## Exercise
Filter the lines below, keeping each one that holds "going".

## Material provided
=== Section Start ===

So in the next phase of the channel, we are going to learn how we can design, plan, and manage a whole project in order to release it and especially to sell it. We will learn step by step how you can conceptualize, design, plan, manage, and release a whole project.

=== Section End ===
=== Section Start ===

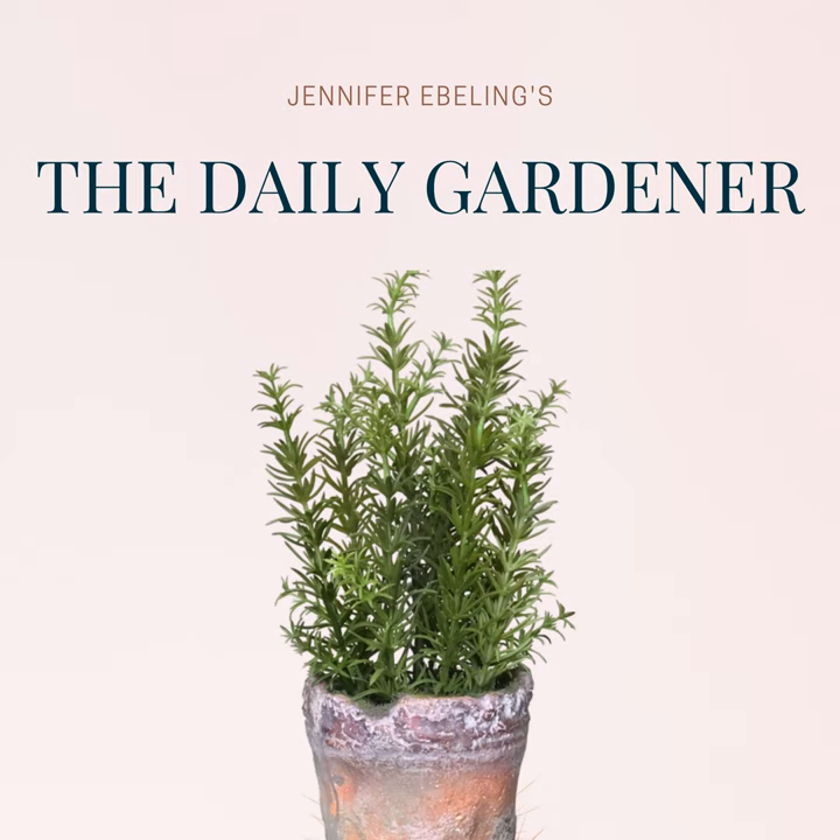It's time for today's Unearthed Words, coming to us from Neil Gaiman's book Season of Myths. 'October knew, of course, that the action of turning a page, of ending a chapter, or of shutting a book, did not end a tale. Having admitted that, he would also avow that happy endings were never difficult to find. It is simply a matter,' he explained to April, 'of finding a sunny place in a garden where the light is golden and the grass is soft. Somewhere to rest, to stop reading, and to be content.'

=== Section End ===
=== Section Start ===

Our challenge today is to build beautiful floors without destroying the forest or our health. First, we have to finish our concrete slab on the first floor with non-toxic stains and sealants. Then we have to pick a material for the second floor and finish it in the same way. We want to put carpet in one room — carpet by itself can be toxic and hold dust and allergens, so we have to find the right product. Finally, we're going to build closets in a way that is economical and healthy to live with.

=== Section End ===

## The answer
So in the next phase of the channel, we are going to learn how we can design, plan, and manage a whole project in order to release it and especially to sell it. We will learn step by step how you can conceptualize, design, plan, manage, and release a whole project.
Our challenge today is to build beautiful floors without destroying the forest or our health. First, we have to finish our concrete slab on the first floor with non-toxic stains and sealants. Then we have to pick a material for the second floor and finish it in the same way. We want to put carpet in one room — carpet by itself can be toxic and hold dust and allergens, so we have to find the right product. Finally, we're going to build closets in a way that is economical and healthy to live with.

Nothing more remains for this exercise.